Dr. Bwire noted that limitations in the dairy value chain include breeds, poor management capacity, feeding and nutrition, seasonality of production, lack of advanced equipment, finance and lack of sufficient knowledge in the dairy sector. She added that the areas of possible partnerships are in dairy farm management and mechanisation, dairy processing plant, distribution systems and final consumers. Several Irish Agritech firms that Dairy Africa is working with include Dairy Master, Grasstech and Keenan.
Lisa Källbäck – Trade Representative, Enterprise Ireland
Ireland has the highest standard of agriculture education in Europe and has established a good reputation of innovation across the agricultural value chain. Despite having a population of about 5 million people, Ireland produces surplus dairy and beef enough to feed about 35 million people due to highly efficient food production process. Approximately 50% (surplus) of food production in Ireland is exported.
Ms Källbäck noted that Ireland competes with the very best globally in terms of food quality with extremely low rates of antibiotics, hormones and high standards of animal welfare and full traceability. There are several on-going investments in R&D which is one of the major factors behind the success of Ireland’s Agritech industry. Irish manufacturing firms are leaders in specialised production of manufacturing products such as Slurry Equipment, Dribble Bars, Injectors and Side Spreaders.

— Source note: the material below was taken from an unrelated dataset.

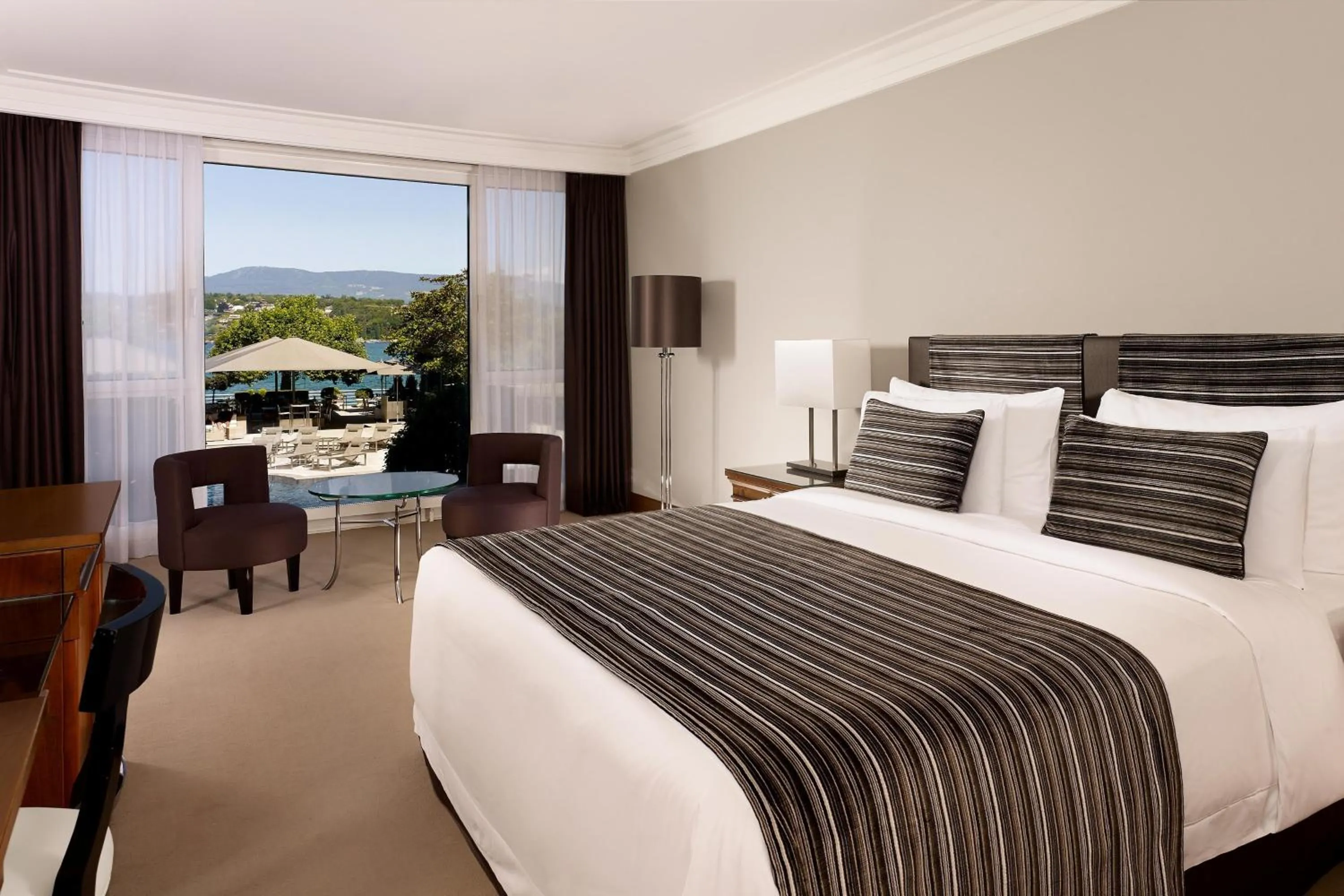 Photo of the whole room, Bed in Hotel President Wilson, a Luxury Collection Hotel, Geneva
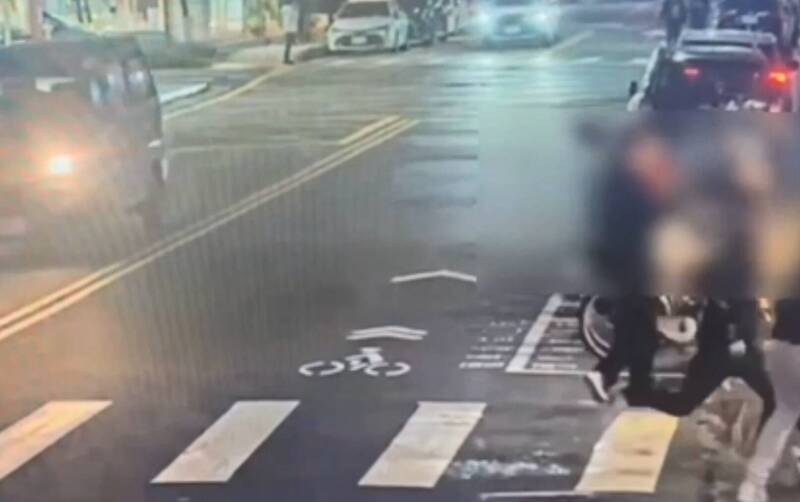 警方調閱監視器發現，超哥店內一名林姓男員工趁亂踹了Toyz一腳，目前已通知他今（22日）晚間到案說明。（翻攝畫面）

Enterprise Ireland (EI) works with several Irish Agritech companies assisting them in innovation from the start-up phase to become established players internationally. Some of the companies that EI is currently working with in Kenya include: Hispec Engineering, Moocall, Dovea Genetics, Brandon and Gain animal Nutrition; all are seeking potential partners in Kenya to work with. Enterprise Ireland is also organising a Doing Business in East Africa conference in Dublin 11th June, and is planning for attendance at the National Ploughing Championships on 18th September 2018 and a Trade Mission to Kenya planned for November.
Following the guest speaker presentations, BIK members were invited to participate in a lively Q&A session which concluded at 9.30am. The next BIK Breakfast Meeting will be held on Friday, 6th July, 2018.